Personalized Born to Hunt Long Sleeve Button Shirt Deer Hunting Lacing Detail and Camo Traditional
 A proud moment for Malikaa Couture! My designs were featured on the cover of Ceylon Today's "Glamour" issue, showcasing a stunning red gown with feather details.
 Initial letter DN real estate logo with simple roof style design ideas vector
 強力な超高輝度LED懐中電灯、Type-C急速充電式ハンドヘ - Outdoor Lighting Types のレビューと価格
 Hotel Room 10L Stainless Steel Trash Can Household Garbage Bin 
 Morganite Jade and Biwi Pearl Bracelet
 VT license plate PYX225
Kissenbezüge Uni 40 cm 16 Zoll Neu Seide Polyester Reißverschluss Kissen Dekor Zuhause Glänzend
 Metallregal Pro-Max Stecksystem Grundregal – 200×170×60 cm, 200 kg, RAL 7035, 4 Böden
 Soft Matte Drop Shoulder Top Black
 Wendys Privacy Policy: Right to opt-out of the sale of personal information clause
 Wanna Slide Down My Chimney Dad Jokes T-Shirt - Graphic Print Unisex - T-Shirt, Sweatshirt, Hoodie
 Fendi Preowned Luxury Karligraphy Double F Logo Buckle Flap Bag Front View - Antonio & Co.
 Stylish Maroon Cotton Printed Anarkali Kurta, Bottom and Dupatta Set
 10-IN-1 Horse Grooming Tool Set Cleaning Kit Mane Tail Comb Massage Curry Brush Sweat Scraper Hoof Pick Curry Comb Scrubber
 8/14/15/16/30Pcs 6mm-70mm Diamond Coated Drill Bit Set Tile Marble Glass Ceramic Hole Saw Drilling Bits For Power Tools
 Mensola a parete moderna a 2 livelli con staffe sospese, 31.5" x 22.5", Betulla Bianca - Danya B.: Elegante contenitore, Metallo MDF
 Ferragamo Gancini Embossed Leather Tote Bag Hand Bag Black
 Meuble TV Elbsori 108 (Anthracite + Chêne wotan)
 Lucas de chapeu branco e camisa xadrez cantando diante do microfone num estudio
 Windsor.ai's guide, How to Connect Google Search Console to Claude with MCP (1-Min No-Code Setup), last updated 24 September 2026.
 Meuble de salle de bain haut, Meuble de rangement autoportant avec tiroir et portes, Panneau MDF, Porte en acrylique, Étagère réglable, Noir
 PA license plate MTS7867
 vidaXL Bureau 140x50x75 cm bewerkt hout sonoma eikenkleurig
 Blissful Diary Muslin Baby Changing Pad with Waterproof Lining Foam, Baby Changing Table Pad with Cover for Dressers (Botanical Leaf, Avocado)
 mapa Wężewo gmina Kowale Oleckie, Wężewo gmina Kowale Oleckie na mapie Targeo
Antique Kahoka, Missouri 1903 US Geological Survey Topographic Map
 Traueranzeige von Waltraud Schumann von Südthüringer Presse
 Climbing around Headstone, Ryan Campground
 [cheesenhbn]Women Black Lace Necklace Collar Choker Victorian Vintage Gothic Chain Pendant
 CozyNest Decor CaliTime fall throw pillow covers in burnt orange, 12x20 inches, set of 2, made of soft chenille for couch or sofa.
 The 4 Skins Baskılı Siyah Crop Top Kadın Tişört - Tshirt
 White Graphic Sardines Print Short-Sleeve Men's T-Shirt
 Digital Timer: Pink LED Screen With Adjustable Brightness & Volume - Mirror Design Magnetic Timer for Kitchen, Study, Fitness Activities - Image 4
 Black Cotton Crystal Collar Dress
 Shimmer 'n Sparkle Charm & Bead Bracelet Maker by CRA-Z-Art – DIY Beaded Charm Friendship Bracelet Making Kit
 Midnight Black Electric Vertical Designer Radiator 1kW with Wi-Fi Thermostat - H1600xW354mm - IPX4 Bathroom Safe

What this task involves — Please restate the records word for word. Go from the first line to the line with "VT license plate PYX225" and include both.

Completed task —
Personalized Born to Hunt Long Sleeve Button Shirt Deer Hunting Lacing Detail and Camo Traditional
 A proud moment for Malikaa Couture! My designs were featured on the cover of Ceylon Today's "Glamour" issue, showcasing a stunning red gown with feather details.
 Initial letter DN real estate logo with simple roof style design ideas vector
 強力な超高輝度LED懐中電灯、Type-C急速充電式ハンドヘ - Outdoor Lighting Types のレビューと価格
 Hotel Room 10L Stainless Steel Trash Can Household Garbage Bin 
 Morganite Jade and Biwi Pearl Bracelet
 VT license plate PYX225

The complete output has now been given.